**Source data:**
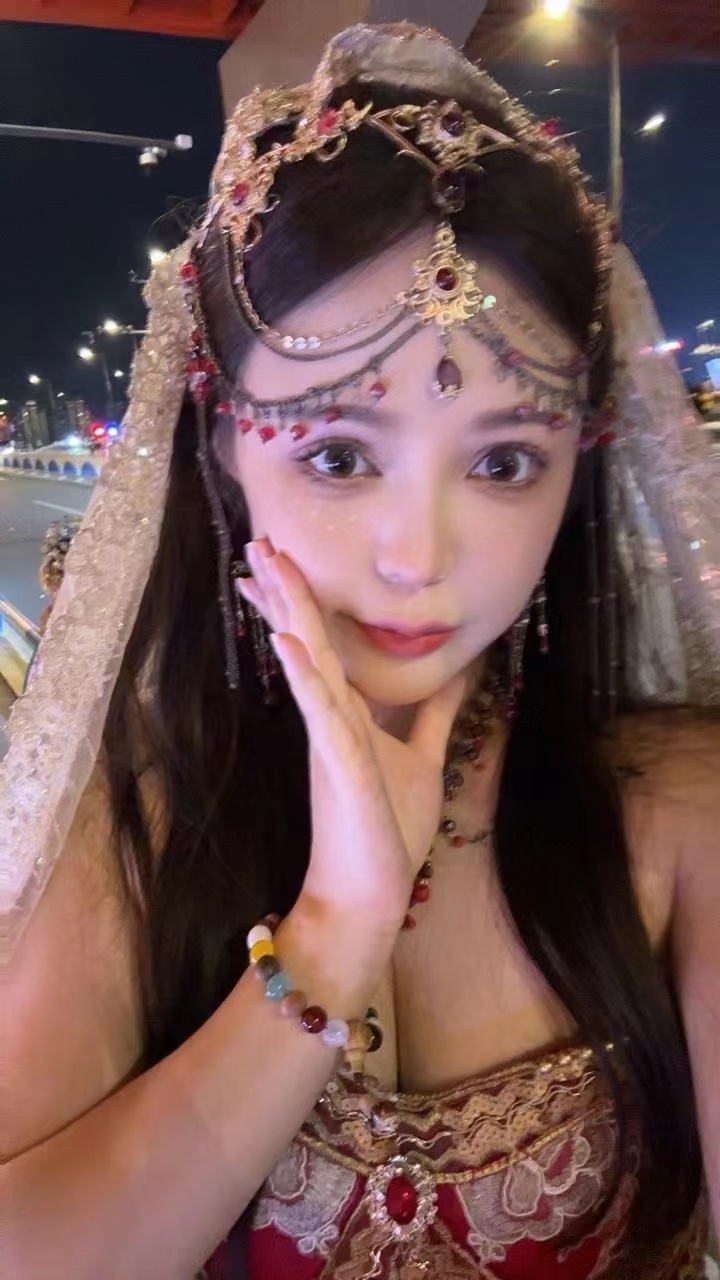 贵阳火热大眼萌妹洋洋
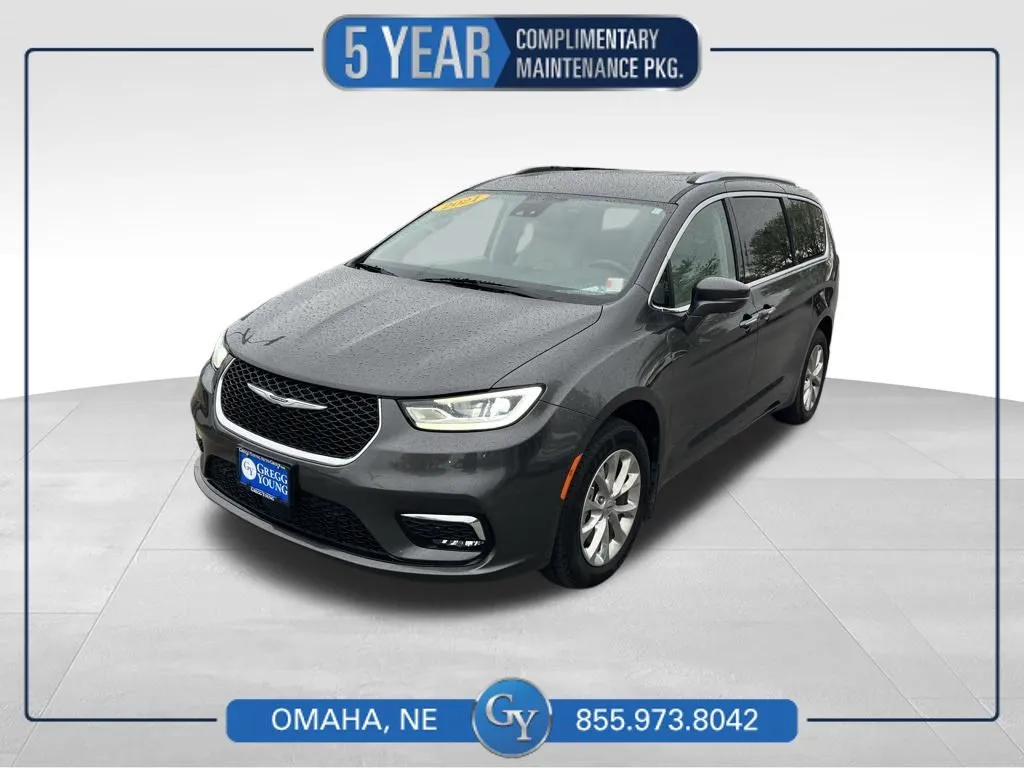 Unknown 2021 Chrysler Pacifica Touring L for sale in Omaha, NE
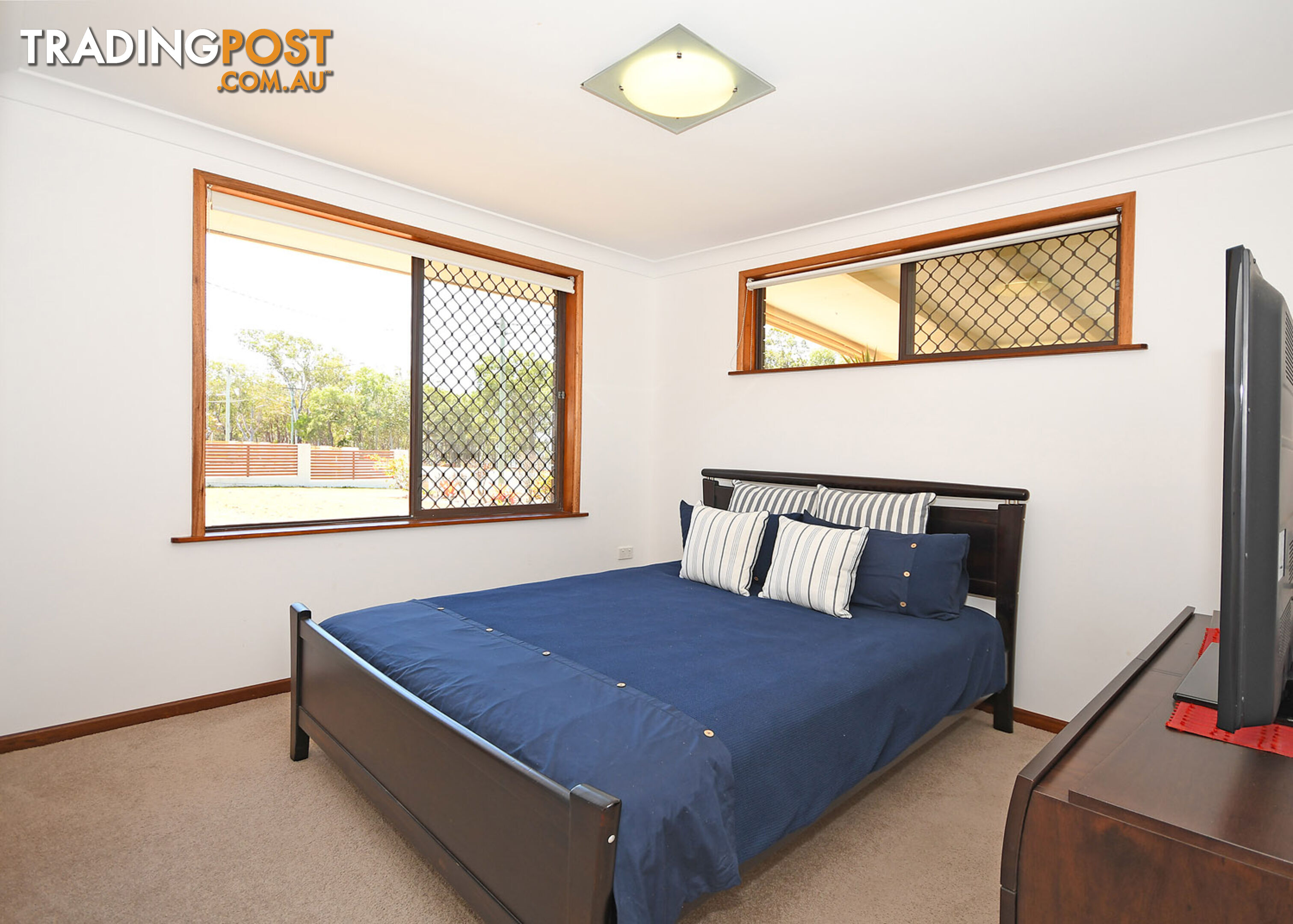 129 Esplanade POINT VERNON QLD 4655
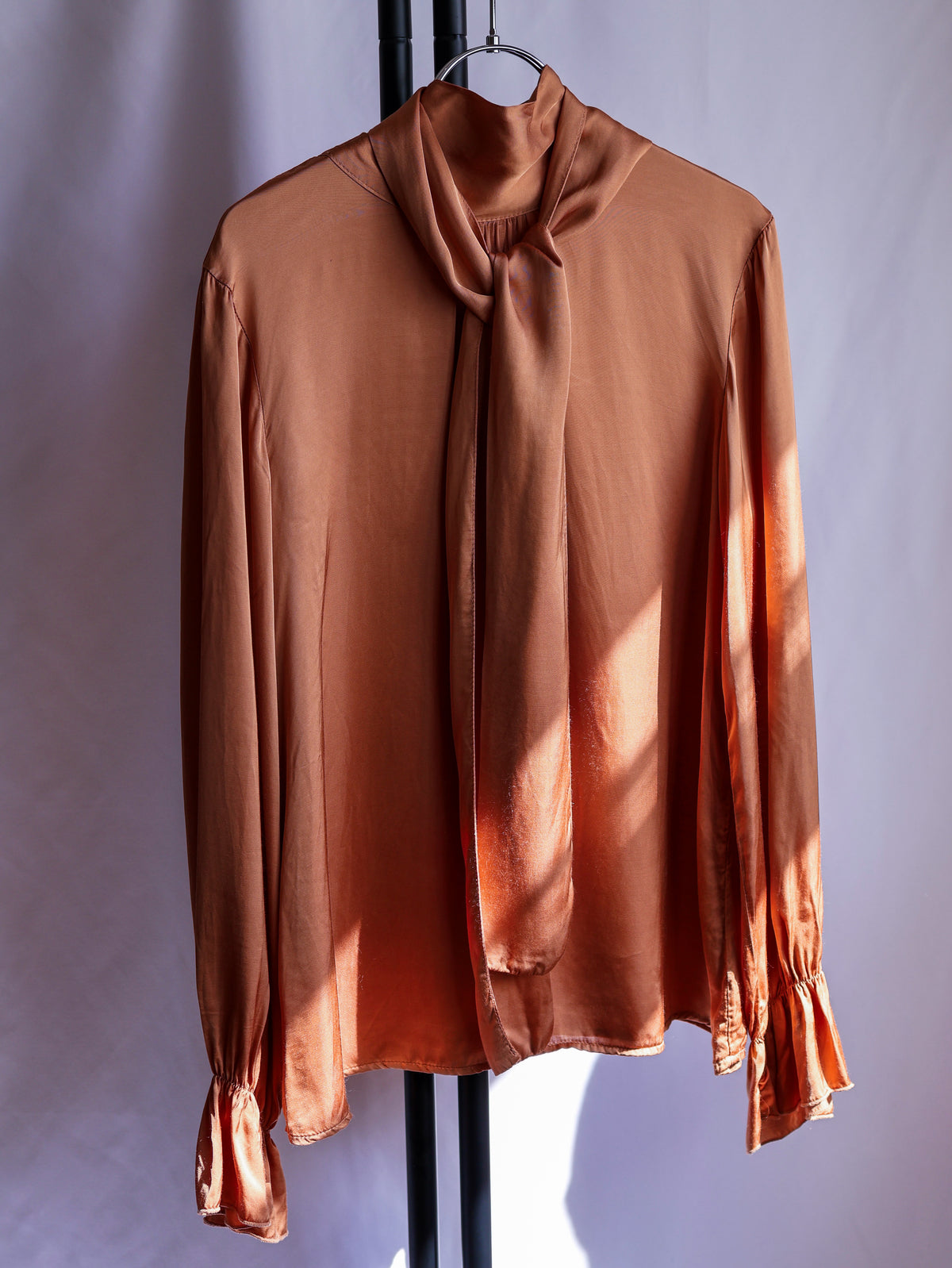 【sizeM】1990’s Viscose Bow Tie Blouse（Made In Italy）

**What is required:**
Give an exact copy of the material, leaving out every picture.

**Task response:**
 贵阳火热大眼萌妹洋洋
 Unknown 2021 Chrysler Pacifica Touring L for sale in Omaha, NE
 129 Esplanade POINT VERNON QLD 4655
 【sizeM】1990’s Viscose Bow Tie Blouse（Made In Italy）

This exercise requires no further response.